Nurses are not being given sufficient training in assessing and caring for patients with continence problems, suggest findings from a Nursing Times survey.
According to the survey results, 95% of more than 1,000 respondents considered management of continence problems to be a nurse’s responsibility.
But only 64% said they had received any education in caring for patients with such problems in their pre-registration training. Of those who had received some training in bowel and bladder dysfunction, 52% said it was insufficient to carry out a baseline assessment of patients with continence problems.
Additionally, 54% said that they had not received any post-registration education on care for people with continence problems.
One nurse said: ‘My training was over thirty years ago and I have had no updates other than the reading I do myself.’
Another said that ‘sadly due to reorganisation and lack of funding’ post-registration training in working with patients with continence problems had been discontinued.
This gaps in training exist despite ‘continence, bladder and bowel care’ being one of the initial nine Essence of Care benchmarks for nursing care set out by the Department of Health in 2001.
In addition, poor management of continence has often been described in Healthcare Commission reports on nursing care, including Maidstone and Tunbridge Wells NHS Trust and Mid Staffordshire NHS foundation NHS Trust.

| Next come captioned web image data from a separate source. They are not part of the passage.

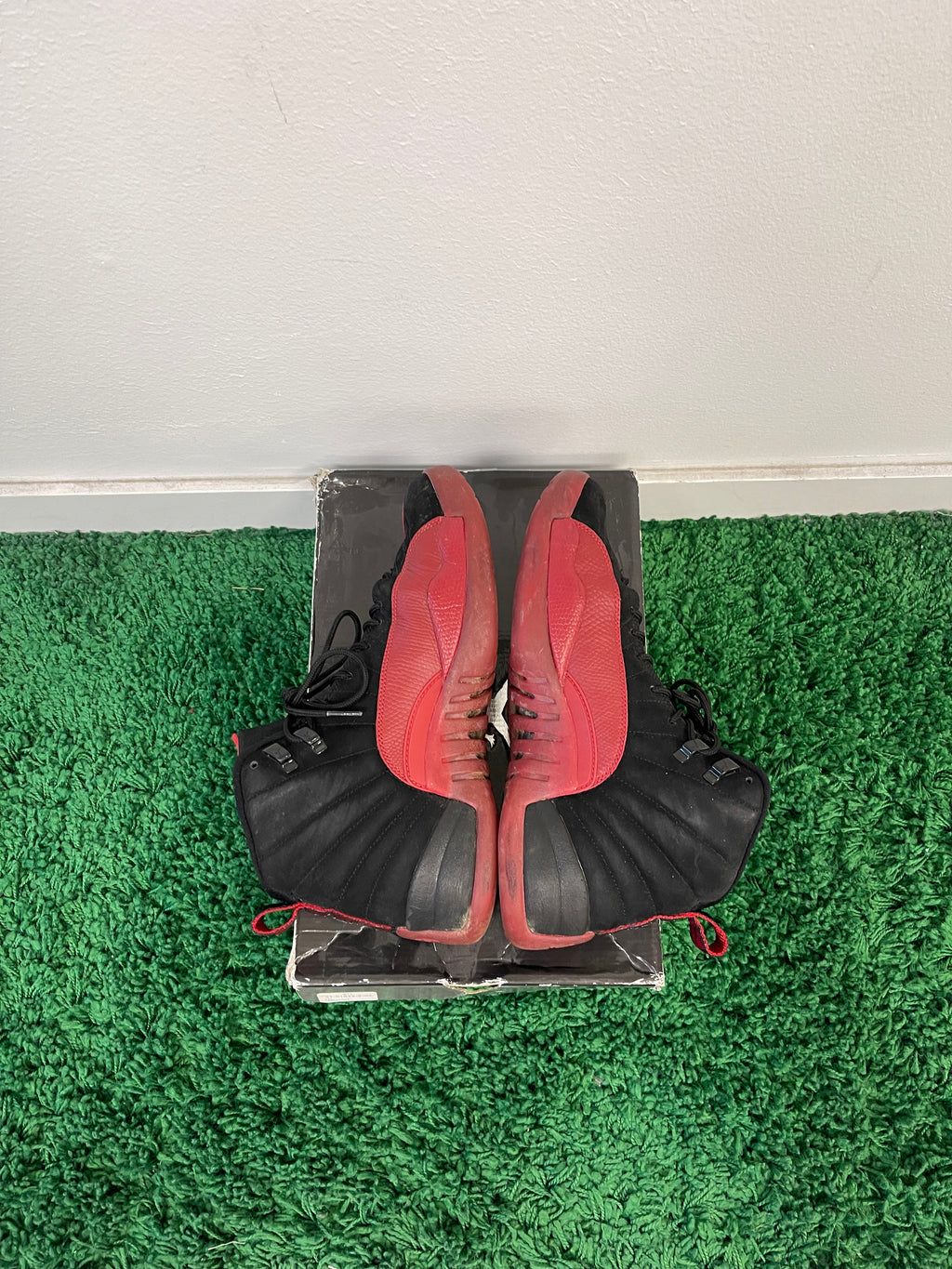 Used Jordan 12 Retro Flu Game 2009 (Men’s)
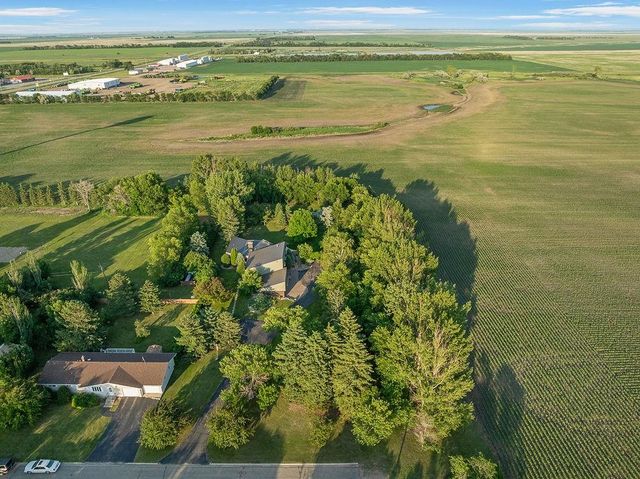 309 4th Ave SE, Mohall, ND 58761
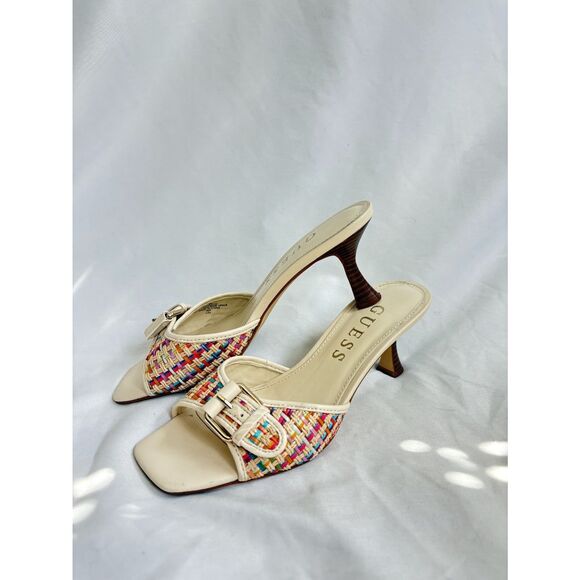 GUESS Y2K Dista Sandal Kitten Heels Multicolor Ivory 9M Feminine Classy Buckle - Picture 2 of 7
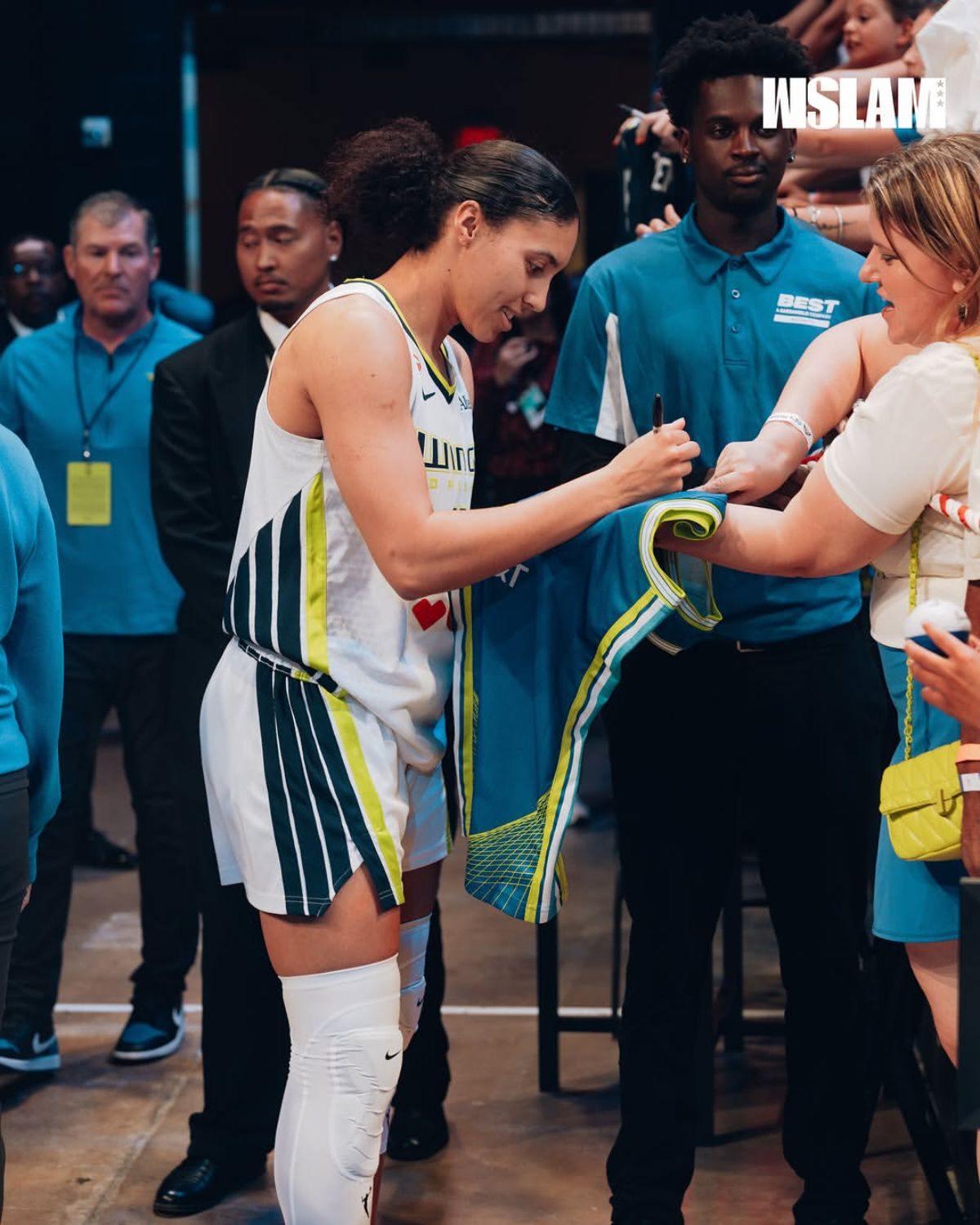 AzziFudd👸peoplesprincessigDallas Wings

Sharon Eustice, chair of the Association of Continence Advice, said there was a need for more training at both pre- and post-registration for nurses on continence. ‘Lots of university courses on this have been culled over the past year but there definitely needs to be more training,’ she said.
Cath Williams, continence service manager at North Somerset PCT, agreed there needed to be more training but said she was concerned that training courses that were organised were often cancelled due to lack of attendance.
‘We need to make sure training is more flexible and that we are innovative so that nurses can attend,’ she said.
Ms Williams added that ‘attitudes’ towards patients with continence problems among newly qualified nurses needed to become more focused on prevention.
‘The attitude of new nurses is to clean up people with incontinence. If you can get a nurse to think about why that person is incontinent and try and solve the issues they will be more motivated. We need to offer continence promotion services,’ she said.